Date of birth: December 16, 1990
Dominant hand: Left
Years played: 15
Hometown/where you live now: Dublin
Sparring partner(s) at home: Martin Mulkerrins, Robbie McCarthy, Brian Carroll
Most important win in a tournament and most satisfying win in a tournament: McCarthy ’14 Gaffney Memorial, Peixoto ’13 USHA 4-Wall Nationals, Allan Garner ’14 Houston R48 III Stop
Best tournament ever won: 23-and-under World Champion 2012, Irish Nationals ’13, Gaffney Memorial 2014
What do you do for work: Investment analyst studying to become an actuary
What are your goals in handball going forward: Determined to be the best I can be and test my skills against the best players in the game today
What do you love about handball: The opportunities to travel and the competition
Favorite pro player (now or ever): Paul Brady, Tony Healy and Eoin Kennedy because that trio set the standard for young players in Ireland by changing the mentality of Irish players and brought new levels of handball to Irish handball
How would you describe your game: Adaptable with the ability to modify my game to counteract my opponent’s overarching strength
What is your best shot: Fly kill
Given the choice, what top R48 would you most like to play: Paul Brady
Who has inspired you to play this game at such a high level: Brady, Healy, Kennedy
Houston R48 Qualifier Feature: Diarmaid Nash
Diarmaid Nash’s quiet personality and unpretentious style of play belies a driven athlete who is determined to “be the best I can be” and an eagerness to test his skills against the best players in the game today.
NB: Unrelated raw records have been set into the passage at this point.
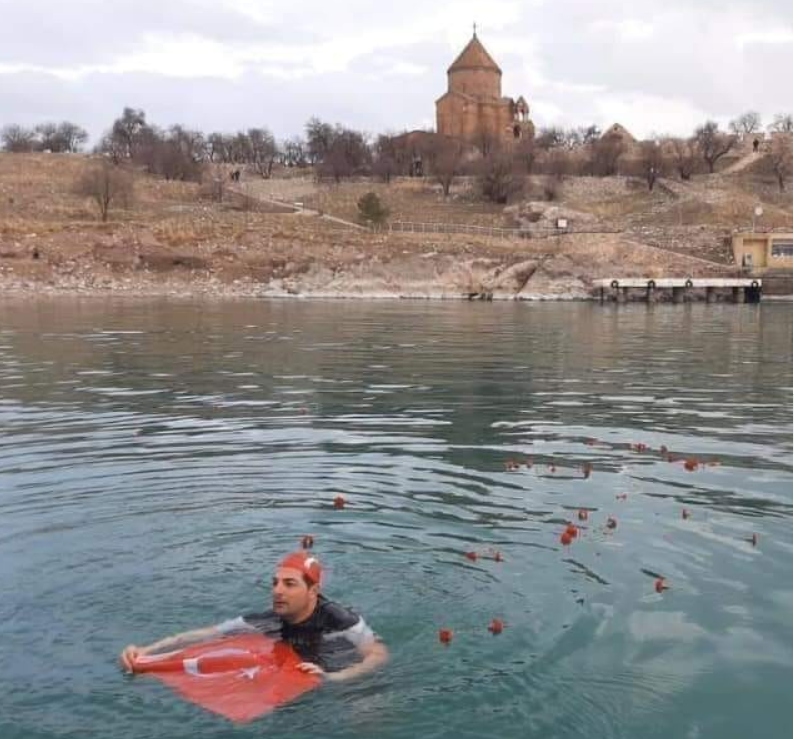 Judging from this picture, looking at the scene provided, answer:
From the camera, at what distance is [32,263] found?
68.2 m

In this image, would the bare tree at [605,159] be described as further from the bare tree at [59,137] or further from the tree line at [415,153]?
the bare tree at [59,137]

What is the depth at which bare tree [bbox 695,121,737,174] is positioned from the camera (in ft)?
415

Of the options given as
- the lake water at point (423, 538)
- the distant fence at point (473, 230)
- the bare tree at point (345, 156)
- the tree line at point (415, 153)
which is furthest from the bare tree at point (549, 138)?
the lake water at point (423, 538)

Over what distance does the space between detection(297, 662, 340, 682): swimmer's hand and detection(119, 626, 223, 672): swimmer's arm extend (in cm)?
88

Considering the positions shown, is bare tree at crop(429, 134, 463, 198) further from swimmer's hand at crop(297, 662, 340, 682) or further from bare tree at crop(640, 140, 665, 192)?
swimmer's hand at crop(297, 662, 340, 682)

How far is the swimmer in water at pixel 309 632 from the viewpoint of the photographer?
7059mm

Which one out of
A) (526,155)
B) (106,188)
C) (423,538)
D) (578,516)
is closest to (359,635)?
(423,538)

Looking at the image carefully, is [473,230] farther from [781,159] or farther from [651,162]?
[781,159]

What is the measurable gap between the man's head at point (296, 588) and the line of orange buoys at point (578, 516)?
3.68ft

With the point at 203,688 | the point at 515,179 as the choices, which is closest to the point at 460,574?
the point at 203,688

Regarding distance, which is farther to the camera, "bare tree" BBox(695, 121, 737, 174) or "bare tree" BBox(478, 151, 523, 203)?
"bare tree" BBox(695, 121, 737, 174)

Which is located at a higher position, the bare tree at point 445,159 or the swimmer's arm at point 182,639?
the bare tree at point 445,159

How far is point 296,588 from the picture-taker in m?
7.13

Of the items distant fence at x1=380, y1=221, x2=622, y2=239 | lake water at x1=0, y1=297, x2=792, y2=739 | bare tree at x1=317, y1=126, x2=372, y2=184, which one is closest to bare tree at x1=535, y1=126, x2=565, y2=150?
bare tree at x1=317, y1=126, x2=372, y2=184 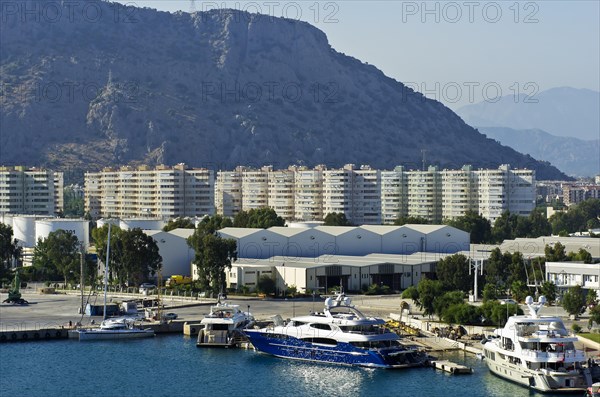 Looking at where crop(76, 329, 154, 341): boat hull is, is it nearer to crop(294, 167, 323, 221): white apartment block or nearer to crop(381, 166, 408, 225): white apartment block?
crop(294, 167, 323, 221): white apartment block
Nash was already known in his native Ireland as a player on the rise when he made his professional debut stateside at the USHA Four Wall Nationals in Des Moines, Iowa last June. He announced his arrival as a player to watch for years to come when he ousted number four seeded Emmett Peixoto in two games. Nash outplayed one of the best retrievers in the game by simply out-retrieving him. Peixoto met his version 2.0.
“Nash is extremely fit and is great at retrieving, very similar to Emmett Peixoto,” stated former WPH #1 Charles Shanks. “His style of play is quite different to what players are used to seeing. He hits very few power shots. His greatest strengths are his “Healy-like” ability to control rallies and then end them with deathly soft touches in and around the frontcourt.” Shanks’ reasoning includes firsthand experience of Nash’s court abilities; the two players faced off at the Irish Nationals in 2011 and Nash came out on top with the upset win over Shanks. Nash counts this victory as one of his best to date.
Nash finished third overall at the US Nationals when his quest for the singles title was halted in a two hour plus match against fellow countryman and eventual finalist Martin Mulkerrins; it should be noted that Mulkerrins also happens to be Nash’s favorite pro player. Nash’s second appearance in the states was equally impressive as he battled WPH #1 ranked Luis Moreno to a tiebreaker in the semifinals at WPH R48 III Stop #2 at the Simple Green U.S. Open, pushing the eventual champion to the limit in a two hour and 45 minute thriller.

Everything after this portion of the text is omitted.